Traceback (most recent call last):
  File "timesteps.py", line 337, in <module>
    y_ait = inference(ait_module, [x0_ait,x1_ait,x2_ait])["Y"]
  File "timesteps.py", line 38, in inference
    exe_module.run_with_tensors(input_tensors, ys, graph_mode=graph_mode)
  File "/usr/local/lib/python3.8/dist-packages/aitemplate/compiler/model.py", line 597, in run_with_tensors
    outputs_ait = self.run(
  File "/usr/local/lib/python3.8/dist-packages/aitemplate/compiler/model.py", line 495, in run
    return self._run_impl(
  File "/usr/local/lib/python3.8/dist-packages/aitemplate/compiler/model.py", line 434, in _run_impl
    self.DLL.AITemplateModelContainerRun(
  File "/usr/local/lib/python3.8/dist-packages/aitemplate/compiler/model.py", line 196, in _wrapped_func
    raise RuntimeError(f"Error in function: {method.__name__}")
RuntimeError: Error in function: AITemplateModelContainerRun

My python code here

from aitemplate.compiler import compile_model, Model, ops
from aitemplate.frontend import Tensor, nn
from aitemplate.testing import detect_target

from typing import Any, Dict, List, Optional, Tuple, Union, cast, Iterable
import torch
import math

def get_shape(x):
    shape = [it.value() for it in x._attrs["shape"]]
    return shape
    
def mark_output(tensor: Tensor, name: str):
    tensor._attrs["is_output"] = True
    tensor._attrs["name"] = name
    shape = [d._attrs["values"] for d in tensor._attrs["shape"]]
    print(f"AIT output `{name}` shape {shape}")
    return tensor

def inference(
    exe_module: Model,
    input_tensors: Iterable[torch.Tensor],
    benchmark: bool = False,
    benchmark_count: int = 25,
    benchmark_repeat: int = 2,
    graph_mode: bool = False,
):
    ys = {}
    for name, idx in exe_module.get_output_name_to_index_map().items():
        shape = exe_module.get_output_maximum_shape(idx)
        ys[name] = torch.empty(shape).cuda().half()
    if benchmark:
        t, _, _ = exe_module.benchmark_with_tensors(
            input_tensors, ys, count=benchmark_count, repeat=benchmark_repeat
        )
        return t
    else:
        exe_module.run_with_tensors(input_tensors, ys, graph_mode=graph_mode)
        return ys

class TimestepEmbeddingTorch(torch.nn.Module):
    def __init__(
        self,
        in_channels: int,
        time_embed_dim: int,
        act_fn: str = "silu",
        out_dim: int = None,
        post_act_fn: Optional[str] = None,
        cond_proj_dim=None,
        sample_proj_bias=True,
    ):
        super().__init__()

        self.linear_1 = torch.nn.Linear(in_channels, time_embed_dim, sample_proj_bias)
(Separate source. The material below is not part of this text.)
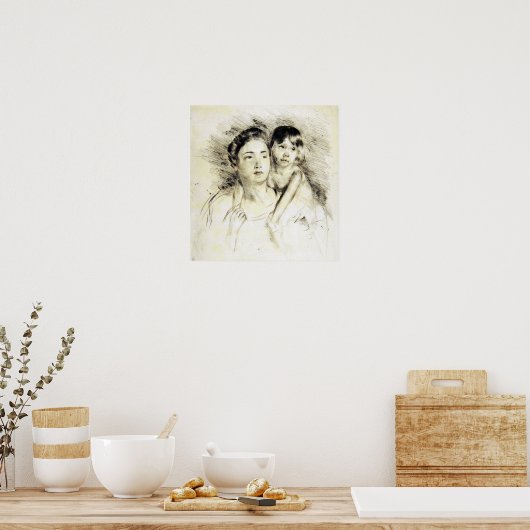 Cassatt - Verweigern Sie, ihr Kind an beiden Hände Poster (Küche)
        if cond_proj_dim is not None:
            self.cond_proj = torch.nn.Linear(cond_proj_dim, in_channels, bias=False)
        else:
            self.cond_proj = None

        # self.act = get_activation(act_fn)
        self.act = torch.nn.SiLU()

        if out_dim is not None:
            time_embed_dim_out = out_dim
        else:
            time_embed_dim_out = time_embed_dim
        self.linear_2 = torch.nn.Linear(time_embed_dim, time_embed_dim_out, sample_proj_bias)

        if post_act_fn is None:
            self.post_act = None
        else:
            self.post_act = get_activation(post_act_fn)
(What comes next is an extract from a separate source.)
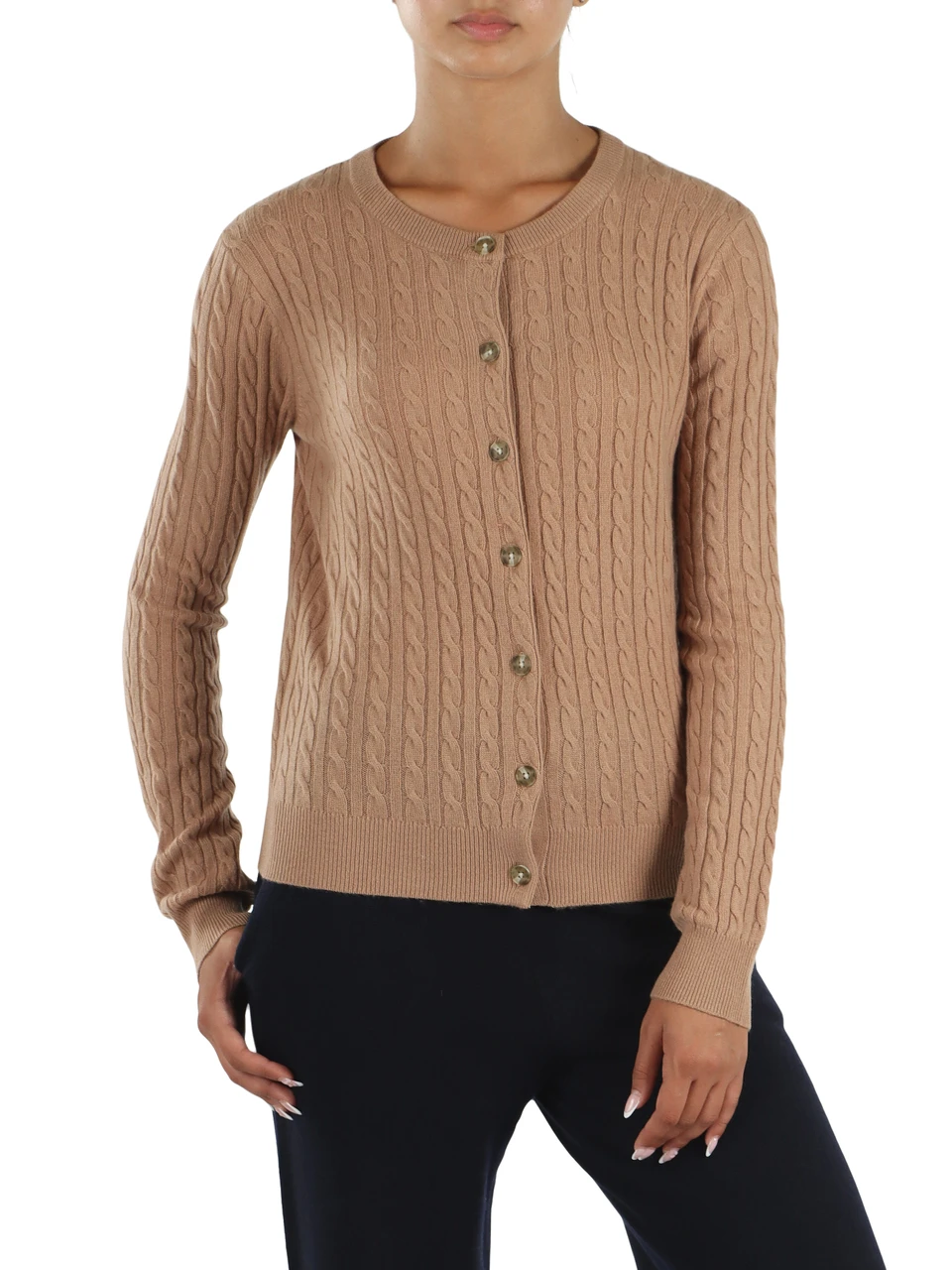 CAMMELLO | Cardigan a trecce in lana merino e cashmere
    def forward(self, sample, condition=None):
        if condition is not None:
            sample = sample + self.cond_proj(condition)
        sample = self.linear_1(sample)

        if self.act is not None:
            sample = self.act(sample)

        sample = self.linear_2(sample)

        if self.post_act is not None:
            sample = self.post_act(sample)
        return sample

class TimestepEmbeddingAIT(nn.Module):
    def __init__(
        self,
        in_channels: int,
        time_embed_dim: int,
        act_fn: str = "silu",
    ):
        super().__init__()

        self.linear_1 = nn.Linear(in_channels, time_embed_dim, specialization="swish")
        self.linear_2 = nn.Linear(time_embed_dim, time_embed_dim)
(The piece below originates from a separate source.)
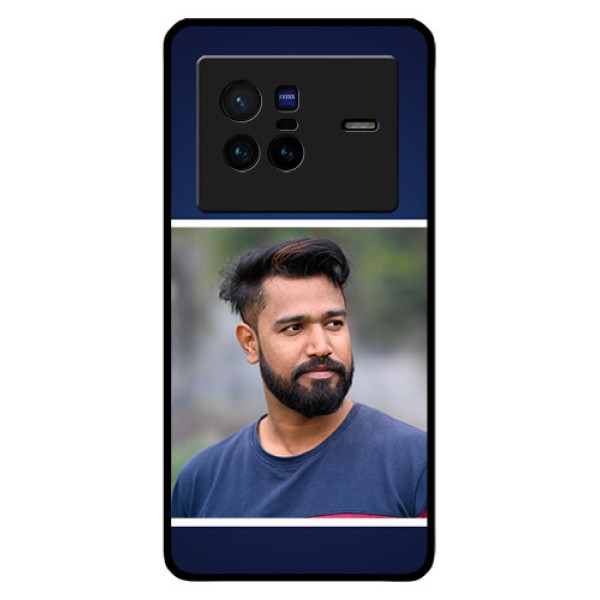 Vivo X80 5G Personalized Glass Phone Case - Simple Royal Blue Design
    def forward(self, sample):
        sample = self.linear_1(sample)
        sample = self.linear_2(sample)
        return sample

class TimestepsTorch(torch.nn.Module):
    def __init__(self, num_channels: int, flip_sin_to_cos: bool, downscale_freq_shift: float):
        super().__init__()
        self.num_channels = num_channels
        self.flip_sin_to_cos = False
        self.downscale_freq_shift = 1
    
    def get_timestep_embedding(
        self,
        timesteps: torch.Tensor,
        embedding_dim: int,
        flip_sin_to_cos: bool = False,
        downscale_freq_shift: float = 1,
        scale: float = 1,
        max_period: int = 10000,
    ):
        """
        This matches the implementation in Denoising Diffusion Probabilistic Models: Create sinusoidal timestep embeddings.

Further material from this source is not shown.